INPUT DATA
◇ ◇ ◇ ◇

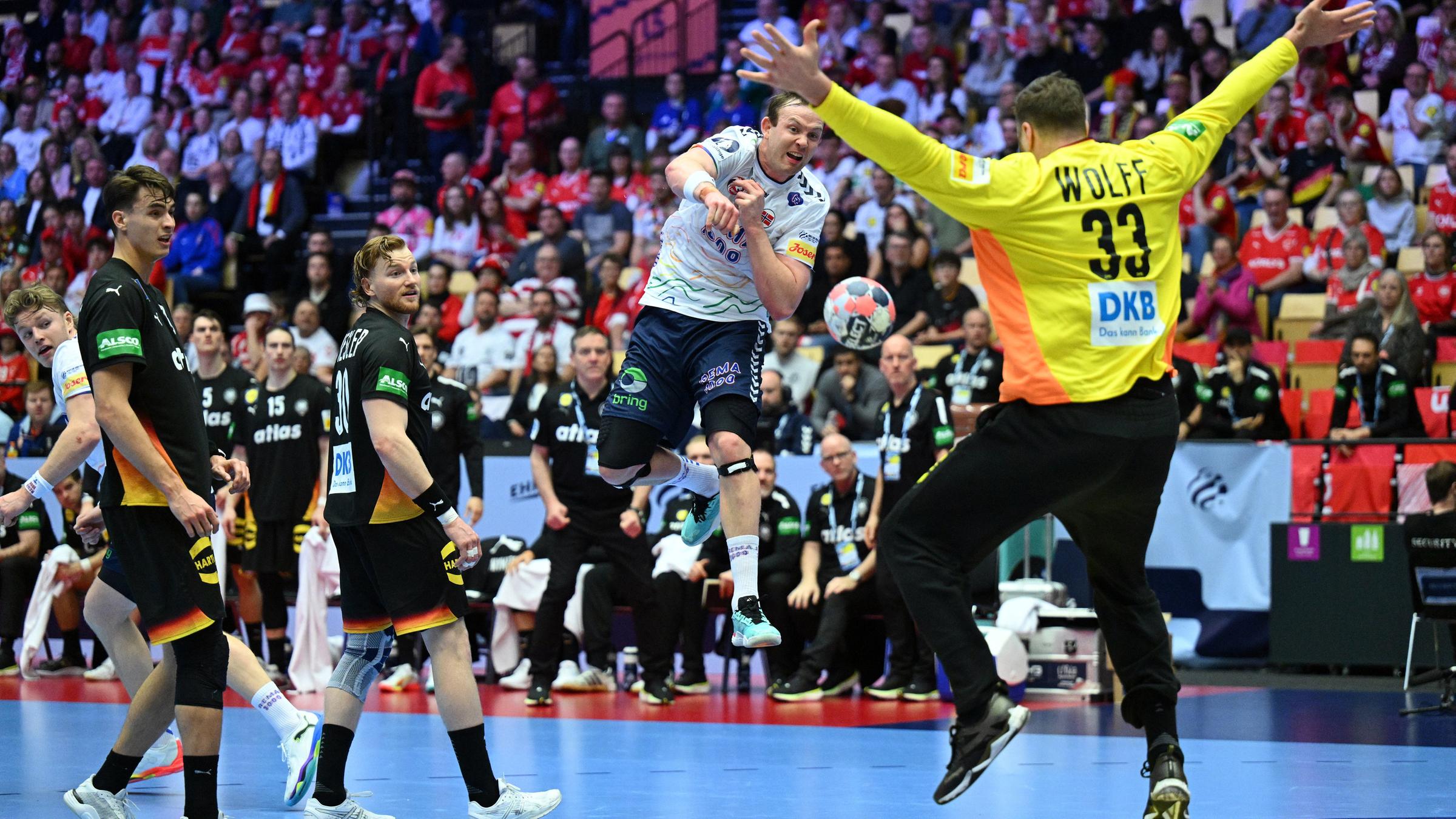 Julian Koester, Tom Kiesler, Sander Sagosen (Norwegen) und Torwart Andreas Wolff (Deutschland) kämpfen. 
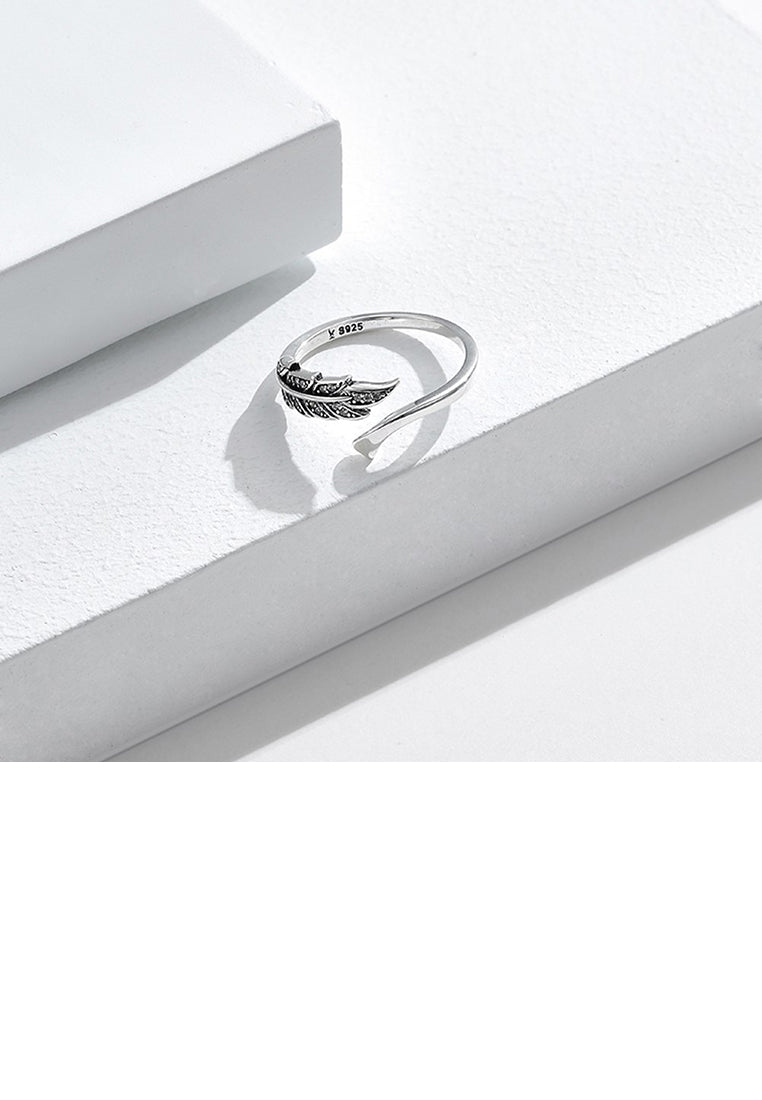 925 Sterling Silver Fashion Simple Leaf Adjustable Open Ring with Cubic Zirconia - Luxurious Look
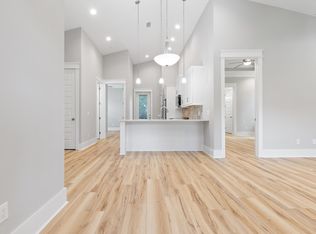 298 S 2nd St, Santa Rosa Beach, FL 32459
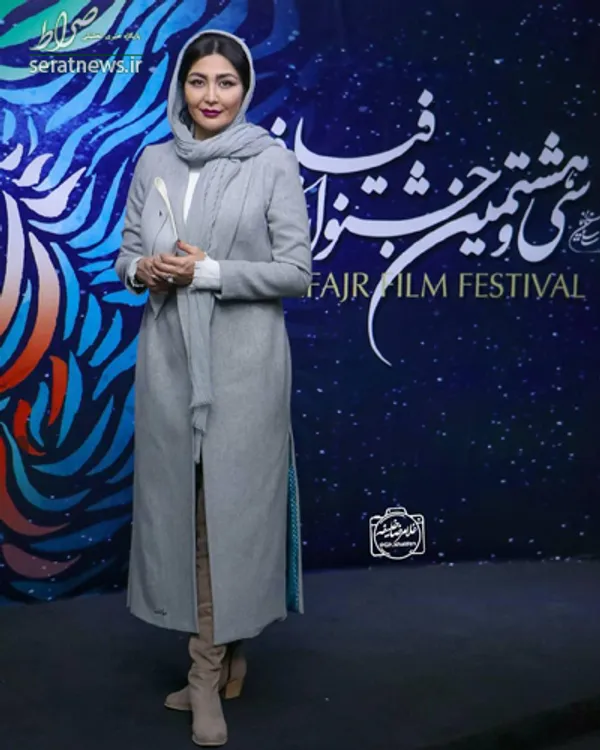 از اونجایی که طوسی رنگی خنثی‌ست با هر رنگی می‌تونه ست بشه و جلوه‌ی خوبی داشته باشه. مثلا مریم معصومی ترکیب خنثی طوسی رو با چکمه‌های کرم تا حدودی از یکنواختی درآورده.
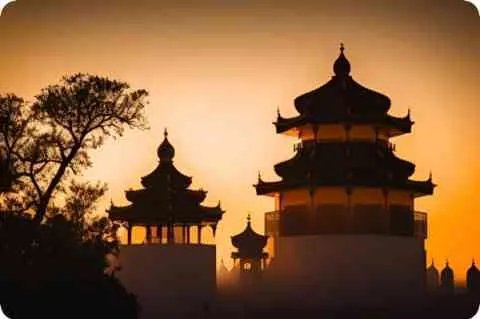 孔雀大明王简介 孔雀大明王菩萨到底是男是女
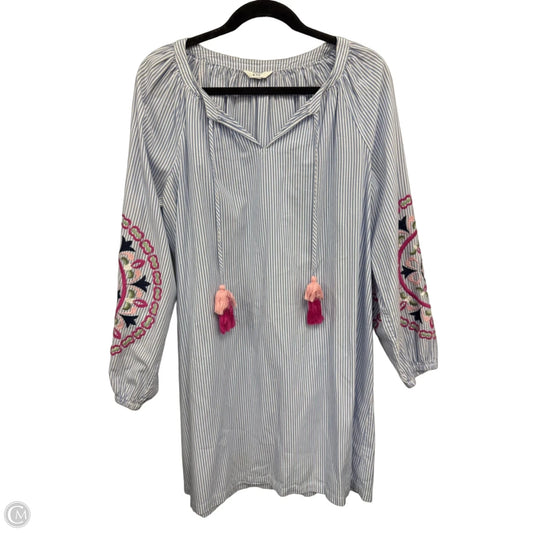 Dress Casual Short By Crown And Ivy In Blue & White, Size: L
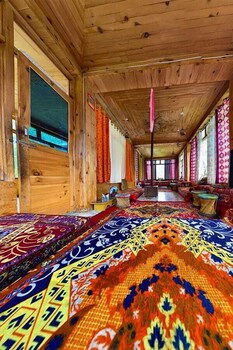 pahadi bliss hotel hostel tosh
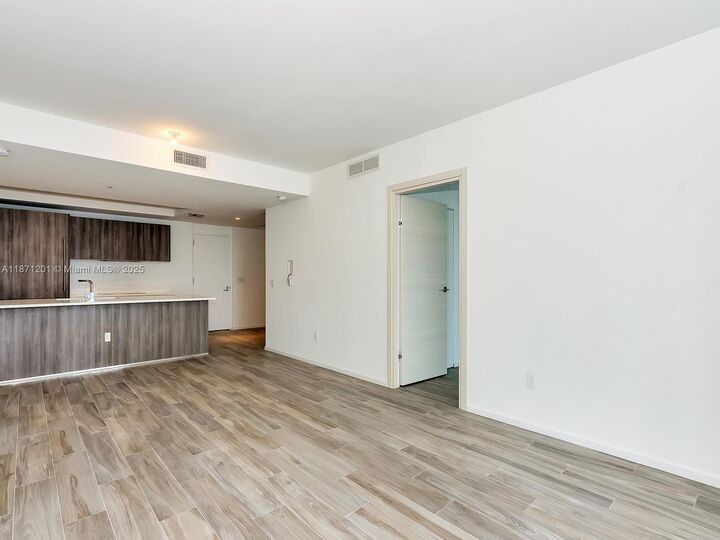 Property Photo: 801 S Miami Ave 2310 FL 33131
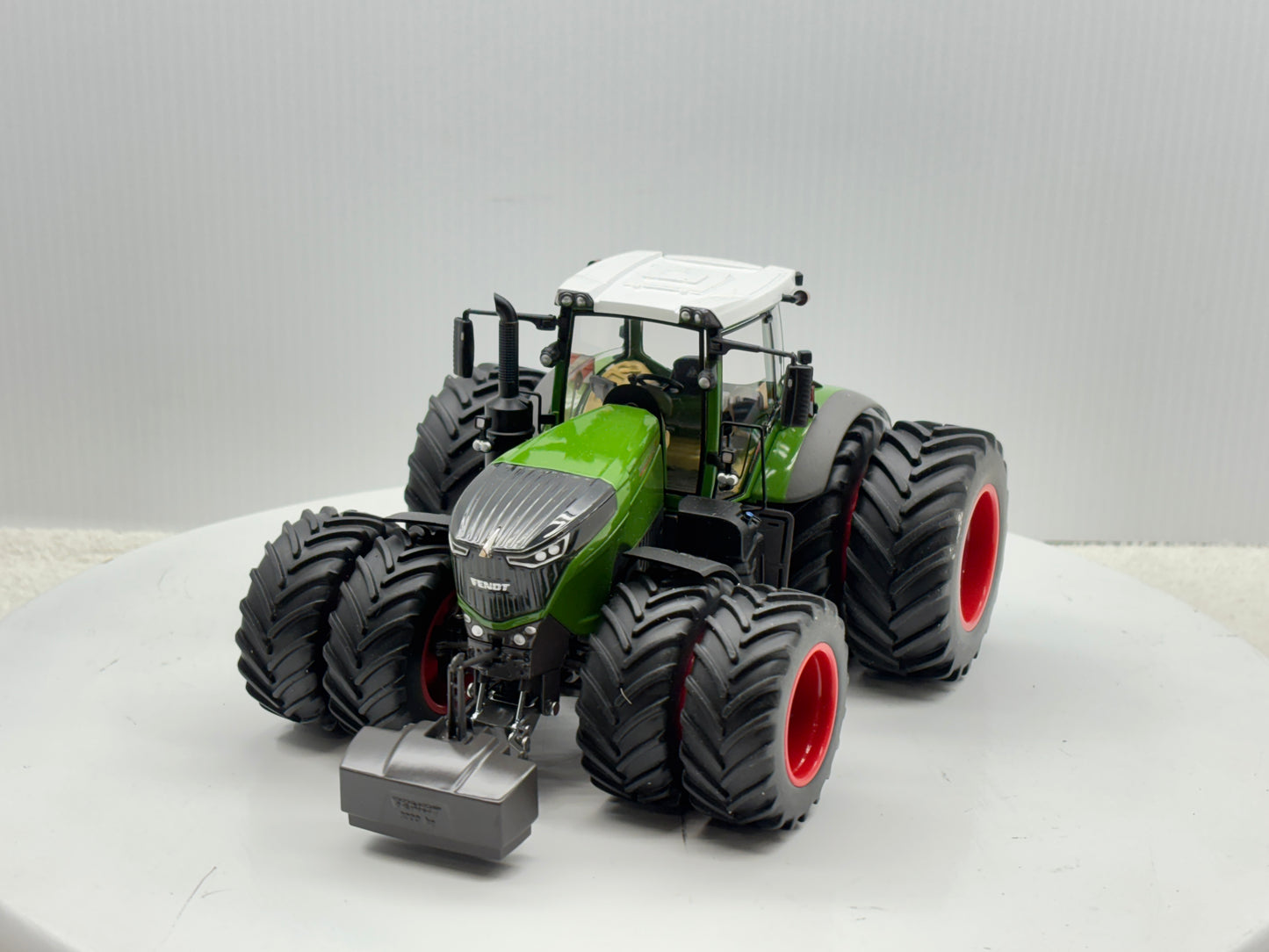 1/32 Fendt 1050 Vario Duals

◇ ◇ ◇ ◇

YOUR TASK
Print only the lines from the line that contains "Property Photo: 801" to the final line of the data, inclusive. Pictures stay out.

RESPONSE BELOW
 Property Photo: 801 S Miami Ave 2310 FL 33131
 1/32 Fendt 1050 Vario Duals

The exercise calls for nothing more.